Recently I was cleaning up my desktop and came across this interview I did for an independent publication from my hometown, QPunx magazine. I’m not sure if it ever ended up being printed? I’m not sure if they’re still going anymore even? I haven’t seen an issue in a long while. Anyhow, I thought I’d share it with you! I even dug out some old photos from my archives to go with it. If you have any questions you’d like to ask me in relation to all that I do feel free to drop me a line: conversationswithbianca [at] gmail [dot] com. I’ve been putting together a series of posts featuring questions people have been emailing me asking. Want to know about zines? What to know about interviewing? Write me. I love connecting with you all.
Tell us a little about yourself on a personal level?

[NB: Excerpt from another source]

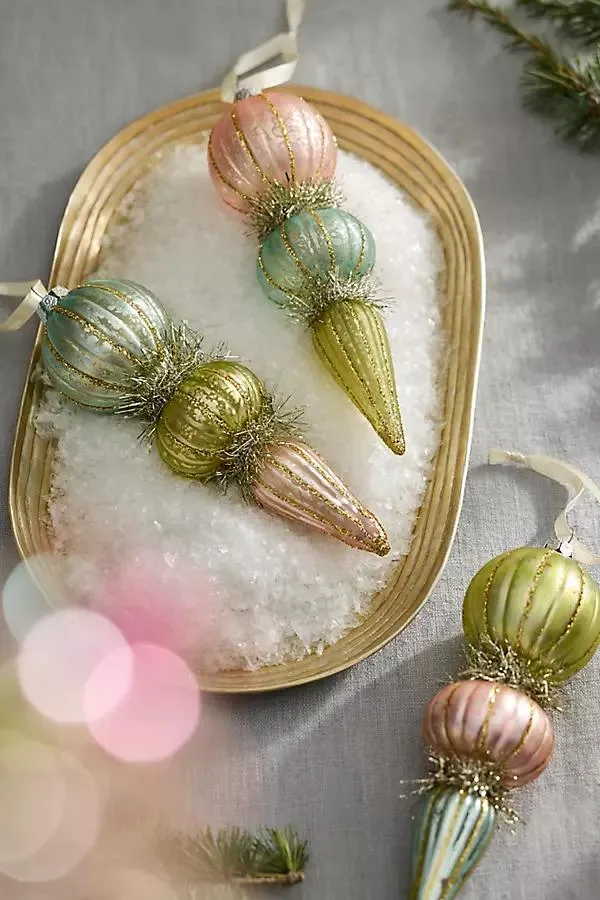 Pastel Finial Glass Ornaments, Set of 3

I value my family and friends dearly. I enjoy intelligent thought-provoking, thoughtful conversation. Writing and creating is like breathing to me—if I don’t do it, I will die. Singing makes me happy. Both love and creativity are sacred to me. I wish my artistic technical ability matched my ideas! I tend to always see the positive side of people. I really, really love interviewing people. It helps make sense of my life, the world and my place in it. This year I decided I wanted to live life a little braver and have been facing fears and challenges in my life head-on. My friends make me way cooler! I have the raddest friends on the planet; they’re the smartest, funniest, most loving, super talented people. I draw the greatest inspiration for those closest to me.
And on a professional one?
I am self-taught in all that I do. I come from a very entrepreneurial family—members have owned motorcycle, bicycle & skateboard shops, hair salons, restaurants, car yards etc. My parents inspire me greatly. My dad drove race cars in the 60s and my mum flew tiger-moth aeroplanes! I draw a lot of strength and inspiration from my grandfather Jose also. He was a playwright, actor, speech writer for parliament and fluent (and self-taught) in many languages.
Being a pro-active member of the punk community (making zines, putting on shows, having run a mail order) has taught me a lot. All of my business skills have been learned via my work in the punk world. Making a zine on the scale I did 15th Precinct, I had to fill many roles which also taught me many skills. Interviewing bands and artists over the years has taught me amazing communication and people skills. I feel that those I have interviewed over the course of my fifteen year writing career have been my greatest teachers.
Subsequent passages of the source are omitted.